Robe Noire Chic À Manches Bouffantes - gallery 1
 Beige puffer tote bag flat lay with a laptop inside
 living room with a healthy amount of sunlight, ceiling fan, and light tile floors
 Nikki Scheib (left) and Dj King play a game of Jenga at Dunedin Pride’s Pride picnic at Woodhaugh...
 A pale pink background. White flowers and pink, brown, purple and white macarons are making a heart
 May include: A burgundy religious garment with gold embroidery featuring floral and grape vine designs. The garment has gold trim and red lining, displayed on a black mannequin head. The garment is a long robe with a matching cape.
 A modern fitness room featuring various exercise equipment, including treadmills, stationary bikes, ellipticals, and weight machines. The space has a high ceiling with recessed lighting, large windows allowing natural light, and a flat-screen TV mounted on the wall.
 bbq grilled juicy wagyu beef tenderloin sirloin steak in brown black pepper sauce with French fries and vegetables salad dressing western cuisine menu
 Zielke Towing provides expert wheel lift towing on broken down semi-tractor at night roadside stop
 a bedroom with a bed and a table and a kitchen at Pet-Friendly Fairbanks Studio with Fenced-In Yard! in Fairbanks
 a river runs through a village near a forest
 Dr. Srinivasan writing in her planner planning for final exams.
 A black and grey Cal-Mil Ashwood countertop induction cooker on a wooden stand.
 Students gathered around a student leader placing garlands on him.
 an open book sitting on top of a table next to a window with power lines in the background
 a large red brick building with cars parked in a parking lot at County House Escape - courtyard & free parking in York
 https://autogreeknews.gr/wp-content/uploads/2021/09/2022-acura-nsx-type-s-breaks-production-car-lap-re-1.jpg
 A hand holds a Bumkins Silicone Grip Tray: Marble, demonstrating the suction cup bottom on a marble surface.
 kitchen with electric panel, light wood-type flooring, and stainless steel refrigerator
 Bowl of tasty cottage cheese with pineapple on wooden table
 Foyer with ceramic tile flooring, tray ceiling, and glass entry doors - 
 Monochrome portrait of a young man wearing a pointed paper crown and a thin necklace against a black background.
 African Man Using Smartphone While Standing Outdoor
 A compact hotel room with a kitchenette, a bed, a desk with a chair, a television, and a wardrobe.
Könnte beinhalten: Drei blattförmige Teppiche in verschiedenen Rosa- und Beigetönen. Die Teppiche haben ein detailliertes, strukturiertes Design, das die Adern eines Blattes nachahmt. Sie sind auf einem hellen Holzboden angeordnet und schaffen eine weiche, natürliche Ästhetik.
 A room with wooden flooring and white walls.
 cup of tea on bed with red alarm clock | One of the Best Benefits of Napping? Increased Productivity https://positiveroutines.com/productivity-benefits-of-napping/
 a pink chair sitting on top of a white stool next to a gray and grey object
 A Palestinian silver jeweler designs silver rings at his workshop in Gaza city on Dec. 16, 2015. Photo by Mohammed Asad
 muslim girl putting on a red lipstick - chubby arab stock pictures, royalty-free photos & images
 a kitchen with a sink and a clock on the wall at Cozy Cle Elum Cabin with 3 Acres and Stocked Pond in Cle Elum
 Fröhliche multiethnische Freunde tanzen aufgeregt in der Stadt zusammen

### Task objective
Could you write out all the data exactly as it is given?

### Response to this task
Robe Noire Chic À Manches Bouffantes - gallery 1
 Beige puffer tote bag flat lay with a laptop inside
 living room with a healthy amount of sunlight, ceiling fan, and light tile floors
 Nikki Scheib (left) and Dj King play a game of Jenga at Dunedin Pride’s Pride picnic at Woodhaugh...
 A pale pink background. White flowers and pink, brown, purple and white macarons are making a heart
 May include: A burgundy religious garment with gold embroidery featuring floral and grape vine designs. The garment has gold trim and red lining, displayed on a black mannequin head. The garment is a long robe with a matching cape.
 A modern fitness room featuring various exercise equipment, including treadmills, stationary bikes, ellipticals, and weight machines. The space has a high ceiling with recessed lighting, large windows allowing natural light, and a flat-screen TV mounted on the wall.
 bbq grilled juicy wagyu beef tenderloin sirloin steak in brown black pepper sauce with French fries and vegetables salad dressing western cuisine menu
 Zielke Towing provides expert wheel lift towing on broken down semi-tractor at night roadside stop
 a bedroom with a bed and a table and a kitchen at Pet-Friendly Fairbanks Studio with Fenced-In Yard! in Fairbanks
 a river runs through a village near a forest
 Dr. Srinivasan writing in her planner planning for final exams.
 A black and grey Cal-Mil Ashwood countertop induction cooker on a wooden stand.
 Students gathered around a student leader placing garlands on him.
 an open book sitting on top of a table next to a window with power lines in the background
 a large red brick building with cars parked in a parking lot at County House Escape - courtyard & free parking in York
 https://autogreeknews.gr/wp-content/uploads/2021/09/2022-acura-nsx-type-s-breaks-production-car-lap-re-1.jpg
 A hand holds a Bumkins Silicone Grip Tray: Marble, demonstrating the suction cup bottom on a marble surface.
 kitchen with electric panel, light wood-type flooring, and stainless steel refrigerator
 Bowl of tasty cottage cheese with pineapple on wooden table
 Foyer with ceramic tile flooring, tray ceiling, and glass entry doors - 
 Monochrome portrait of a young man wearing a pointed paper crown and a thin necklace against a black background.
 African Man Using Smartphone While Standing Outdoor
 A compact hotel room with a kitchenette, a bed, a desk with a chair, a television, and a wardrobe.
Könnte beinhalten: Drei blattförmige Teppiche in verschiedenen Rosa- und Beigetönen. Die Teppiche haben ein detailliertes, strukturiertes Design, das die Adern eines Blattes nachahmt. Sie sind auf einem hellen Holzboden angeordnet und schaffen eine weiche, natürliche Ästhetik.
 A room with wooden flooring and white walls.
 cup of tea on bed with red alarm clock | One of the Best Benefits of Napping? Increased Productivity https://positiveroutines.com/productivity-benefits-of-napping/
 a pink chair sitting on top of a white stool next to a gray and grey object
 A Palestinian silver jeweler designs silver rings at his workshop in Gaza city on Dec. 16, 2015. Photo by Mohammed Asad
 muslim girl putting on a red lipstick - chubby arab stock pictures, royalty-free photos & images
 a kitchen with a sink and a clock on the wall at Cozy Cle Elum Cabin with 3 Acres and Stocked Pond in Cle Elum
 Fröhliche multiethnische Freunde tanzen aufgeregt in der Stadt zusammen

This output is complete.